**What the task requires:**
Nothing is to be output except the lines from the one containing "1535345-19 T-shirts, shoe" through the end of the material, each reproduced exactly.

**Data records:**
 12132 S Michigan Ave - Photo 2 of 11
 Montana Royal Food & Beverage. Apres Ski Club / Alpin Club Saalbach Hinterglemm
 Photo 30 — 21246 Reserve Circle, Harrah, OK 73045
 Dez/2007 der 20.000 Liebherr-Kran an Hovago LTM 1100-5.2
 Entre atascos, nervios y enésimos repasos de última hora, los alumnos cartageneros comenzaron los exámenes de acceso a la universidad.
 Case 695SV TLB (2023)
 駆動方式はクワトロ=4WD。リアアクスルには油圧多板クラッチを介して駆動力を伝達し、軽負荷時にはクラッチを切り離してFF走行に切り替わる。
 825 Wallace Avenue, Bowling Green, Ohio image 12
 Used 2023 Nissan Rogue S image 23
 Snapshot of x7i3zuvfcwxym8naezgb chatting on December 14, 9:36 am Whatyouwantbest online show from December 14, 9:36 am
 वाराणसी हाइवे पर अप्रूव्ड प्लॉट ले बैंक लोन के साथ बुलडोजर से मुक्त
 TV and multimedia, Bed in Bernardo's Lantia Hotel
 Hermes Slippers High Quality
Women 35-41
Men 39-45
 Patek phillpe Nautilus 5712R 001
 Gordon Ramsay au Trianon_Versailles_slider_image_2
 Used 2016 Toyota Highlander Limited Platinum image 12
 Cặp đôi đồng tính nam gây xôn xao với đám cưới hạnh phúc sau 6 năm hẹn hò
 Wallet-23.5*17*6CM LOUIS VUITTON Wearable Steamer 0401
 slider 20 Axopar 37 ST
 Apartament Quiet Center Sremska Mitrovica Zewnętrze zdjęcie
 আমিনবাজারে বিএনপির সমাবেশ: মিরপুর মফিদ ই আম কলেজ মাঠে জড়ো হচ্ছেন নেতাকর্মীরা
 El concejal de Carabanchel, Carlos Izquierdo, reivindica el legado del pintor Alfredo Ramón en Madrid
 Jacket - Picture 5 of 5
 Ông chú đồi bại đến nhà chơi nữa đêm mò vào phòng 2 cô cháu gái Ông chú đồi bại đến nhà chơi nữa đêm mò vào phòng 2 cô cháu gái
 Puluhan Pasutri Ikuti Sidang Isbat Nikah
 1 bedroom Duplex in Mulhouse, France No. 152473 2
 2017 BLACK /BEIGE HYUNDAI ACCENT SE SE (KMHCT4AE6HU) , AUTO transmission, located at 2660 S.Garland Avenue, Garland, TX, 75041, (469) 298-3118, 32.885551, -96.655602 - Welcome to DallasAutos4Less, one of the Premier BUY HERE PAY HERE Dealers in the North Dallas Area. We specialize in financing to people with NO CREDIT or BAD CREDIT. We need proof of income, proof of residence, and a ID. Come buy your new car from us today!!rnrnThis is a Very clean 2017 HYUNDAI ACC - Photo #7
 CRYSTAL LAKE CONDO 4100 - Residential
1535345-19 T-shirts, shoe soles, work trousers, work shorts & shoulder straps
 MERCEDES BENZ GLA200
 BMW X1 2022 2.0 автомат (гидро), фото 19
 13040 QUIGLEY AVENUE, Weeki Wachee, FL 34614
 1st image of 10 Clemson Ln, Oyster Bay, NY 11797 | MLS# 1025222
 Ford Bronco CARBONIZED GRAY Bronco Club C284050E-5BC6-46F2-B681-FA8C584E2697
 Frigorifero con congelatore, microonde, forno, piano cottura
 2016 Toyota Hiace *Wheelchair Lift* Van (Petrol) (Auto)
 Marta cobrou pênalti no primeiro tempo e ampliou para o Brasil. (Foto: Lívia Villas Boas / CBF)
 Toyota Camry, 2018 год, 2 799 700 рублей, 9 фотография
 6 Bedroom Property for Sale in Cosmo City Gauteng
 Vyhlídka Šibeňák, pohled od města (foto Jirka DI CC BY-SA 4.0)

**The completed task:**
1535345-19 T-shirts, shoe soles, work trousers, work shorts & shoulder straps
 MERCEDES BENZ GLA200
 BMW X1 2022 2.0 автомат (гидро), фото 19
 13040 QUIGLEY AVENUE, Weeki Wachee, FL 34614
 1st image of 10 Clemson Ln, Oyster Bay, NY 11797 | MLS# 1025222
 Ford Bronco CARBONIZED GRAY Bronco Club C284050E-5BC6-46F2-B681-FA8C584E2697
 Frigorifero con congelatore, microonde, forno, piano cottura
 2016 Toyota Hiace *Wheelchair Lift* Van (Petrol) (Auto)
 Marta cobrou pênalti no primeiro tempo e ampliou para o Brasil. (Foto: Lívia Villas Boas / CBF)
 Toyota Camry, 2018 год, 2 799 700 рублей, 9 фотография
 6 Bedroom Property for Sale in Cosmo City Gauteng
 Vyhlídka Šibeňák, pohled od města (foto Jirka DI CC BY-SA 4.0)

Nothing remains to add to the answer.